2) Identitas Para Pihak
Sebagaimana
suatu perkara atau gugatan itu mempunyai sekurang-kurangnya 2 pihak, maka di
dalam putusan harus dimuat identitas dari para pihak: nama, umur, alamat, dan
nama dari pengacara kalau ada.
3) Pertimbangan
Pertimbangan
atau disebut juga considerans merupakan dasar putusan. Pertimbangan dalam
putusan perdata dibagi 2, yaitu pertimbangan tentang duduknya perkara atau
peristiwanya dan pertimbangan tentang hukumnya.
4) Amar
Yang merupakan
jawaban terhadap petitum daripada gugatan adalah amar atau dictum. Ini berarti
dictum merupakan tanggapan terhadap petitum. Hakim wajib mengadili semua bagian
tuntutan dan dilarang menjatuhkan putusan atas perkara yang tidak dituntut atau
mengabulkan lebih daripada yang dituntut ( ps. 178 ayat 2 dan 3 HIR, 189 ayat 2
dan 3 Rbg ).[11]
5. Kekuatan Putusan
Putusan mempunyai 3
macam kekuatan:
1)
Kekuatan Mengikat
Putusan hakim
mempunyai kekuatan mengikat kedua belah pihak ( ps. 1917 BW ). Terikatnya para
pihak kepada putusan menimbulkan beberapa teori yang hendak mencoba member
dasar tentang kekuatan mengikat daripada putusan.
a. Teori Hukum Materiil
Kekuatan
mengikat daripada putusan yang lazimnya disebut “gezag van gewijsde” mempunyai
sifat hukum materiil oleh karena mengadakan perubahan terhadap wewenang dan
kewajiban keperdataan: menetapkan, menghapuskan atau mengubah.
b. Teori Hukum Acara
Putusan bukanlah
sumber hukum materiil, melainkan sumber daripada wewenang prosesuil.
c. Teori Hukum Pembuktian
Putusan
merupakan bukti tentang apa yang ditetapkan di dalamnya, sehingga mempunyai
kekuatan mengikat oleh karena menurut teori ini pembuktian lawan terhadap isi
suatu putusan yang telah memperoleh kekuatan hukum yang pasti tidak
diperkenankan.
d. Terikatnya Para Pihak pada Putusan
Arti positif:
Apa yang telah diputus di antara para pihak berlaku sebagai positif benar. Arti
negatif: Hakim tidak boleh memutus perkara yang pernah diputus sebelumnya
antara para pihak yang sama serta mengenai pokok perkara yang sama.
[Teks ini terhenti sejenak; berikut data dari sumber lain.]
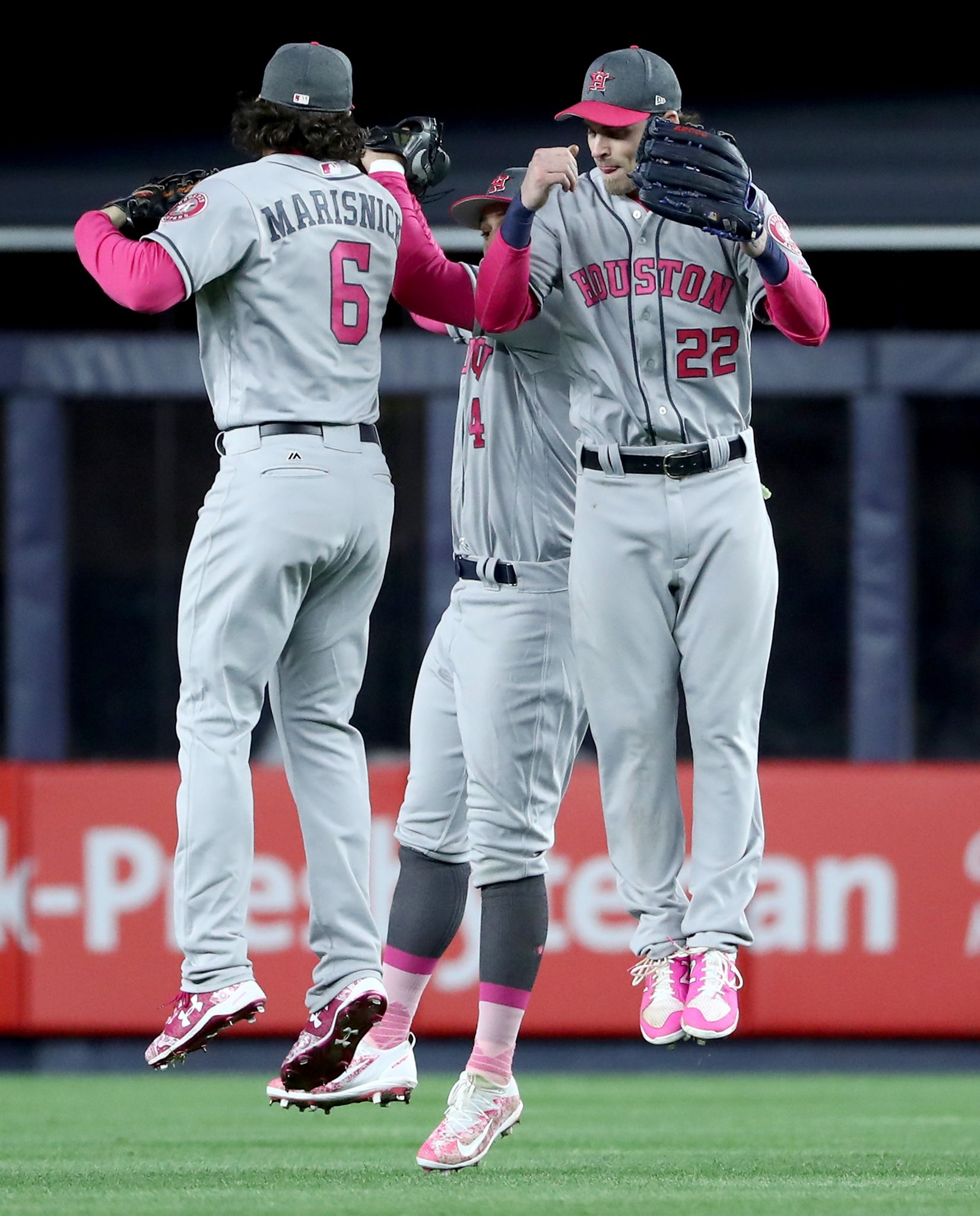 Houston Astros Carlos Beltran, left, is congratulated by teammate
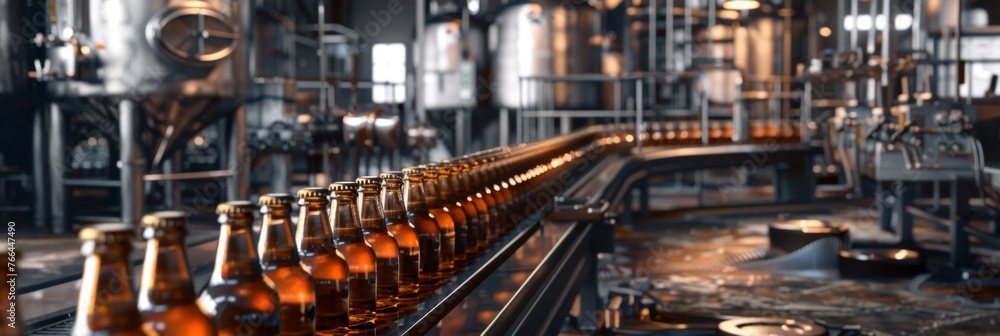 Bottles of beer on a brewery conveyor belt, with machinery and equipment in the background Bottles of beer on a brewery conveyor belt, with machinery and equipment in the background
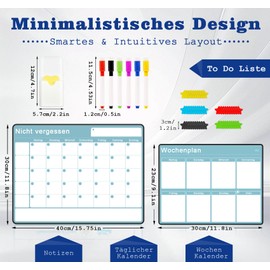 Agoer 2 Stk Magnetischer Wochenplaner,A3 Kühlschrank Set,Whiteboard Wochenplaner+Monatsplaner+Menüplaner Abwischbar as Famiien Haushaltsplaner,Essenplaner,Putzplaner oder To Do Liste auf Deutsch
e. Kekuatan Hukum yang Pasti
Suatu putusan
memperoleh kekuatan hukum yang pasti atau tetap ( kracht van gewijsde ) apabila
tidak ada lagi upaya hukum biasa tersedia. Termasuk upaya hukum biasa ialah
perlawanan, banding dan kasasi.
2)
Kekuatan Pembuktian
Dituangkan
putusan dalam bentuk tertulis, yang merupakan akta otentik, tidak lain bertujuan
untuk dapat digunakan sebagai alat bukti bagi para pihak, yang mungkin
diperlukannya untuk mengajukan banding, kasasi atau pelaksanaannya.
3) Kekuatan Eksekutorial
Suatu putusan
dimaksudkan untuk mengelesaikan suatu persoalan atau sengketa dan menetapkan
hak atau hukumnya. Ini tidak berarti semata-mata hanya menetapkan hak atau
hukumnya saja, melainkan juga realisasi atau pelaksanaannya secara paksa.[12]